Coding for this scenario is:
84132 Potassium; serum, plasma or whole blood
Per CPT® guidelines, modifier 91 is not to be used to report lab tests that are repeated to confirm the initial results, due to malfunctions of either the testing equipment or the specimen, or when another appropriate one-time code is all that is needed to report the service. If the test is rerun to confirm the initial results or because of a malfunction of the equipment, the service cannot be coded and modifier 91 would not apply.
If multiple tests are run, but a single code describes the test, only one code should be reported and modifier 91 would not apply. For example, 82951 Glucose; tolerance test (GTT), 3 specimens (includes glucose) includes three specimens. Therefore, if three specimens were obtained during the encounter, only 82951 would be reported.
Applying Modifiers for Post-Op Reimbursement
Modifiers are the key to payment for surgical complications. The CPT® codebook and the Centers for Medicare & Medicaid Services (CMS) agree that a complication that requires a return to the operating room (OR) should be paid separately.

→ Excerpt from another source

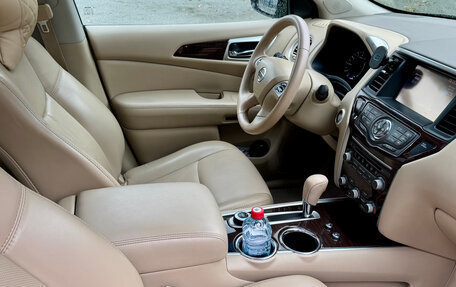 Nissan Pathfinder, 2014 год, 1 999 000 рублей, 12 фотография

For complications requiring additional surgical procedures in the OR that are related to the original surgery, append modifier 78 Unplanned return to the operating room/procedure room by the same physician following initial procedure for a related procedure during the postoperative period to the appropriate procedure code. Under CMS policy for this purpose, an OR is defined as “a place of service specifically equipped and staffed for the sole purpose of performing procedures. The term includes a cardiac catheterization suite, a laser suite, and an endoscopy suite. It does not include a patient’s room, a minor treatment room, a recovery room, or an intensive care unit (unless the patient’s condition was so critical there would be insufficient time for transportation to an OR).”
CPT Assistant Sept. 2010, provides the following coding example:
A partial colectomy was performed in the hospital on March 1. The postoperative period for this procedure (code 44140) is 90 days. On March 15, the patient was returned to the operating room for treatment of partial dehiscence of the incision with secondary suturing of the abdominal wall. The secondary suturing was related to the original surgery.
CPT code reported for the first procedure: 44140
CPT code and modifier reported for the second procedure: 49900-78
Because suturing of the abdominal wall was an unplanned procedure within the global period of the initial procedure to treat a complication, reporting modifier 78 indicates to the third-party payer that the procedure is related to the first procedure. The preoperative and postoperative care services, which are usually a part of the surgical package for a surgery, are not included when modifier 78 is used.
In some cases, modifier 58 Staged or related procedure or service by the same physician during the postoperative period, rather than modifier 78, may properly describe a return to the OR during the global period. The Medicare Claims Processing Manual Chapter 12, Section 40.1.B states, “If a less extensive procedure fails, and a more extensive procedure is required, the second procedure is payable separately.” In such circumstances, modifier 58 is appropriate.
For example, the physician performed a dilation and curettage (D&C) on April 1, followed by a hysterectomy on April 10. In this case, the D&C (e.g., 58120 Dilation and curettage, diagnostic and/or therapeutic (nonobstetrical)) is the initial procedure. The hysterectomy (e.g., 58260 Vaginal hysterectomy, for uterus 250 g or less) is a more extensive procedure during the global period of the initial, related procedure, to which you would append modifier 58.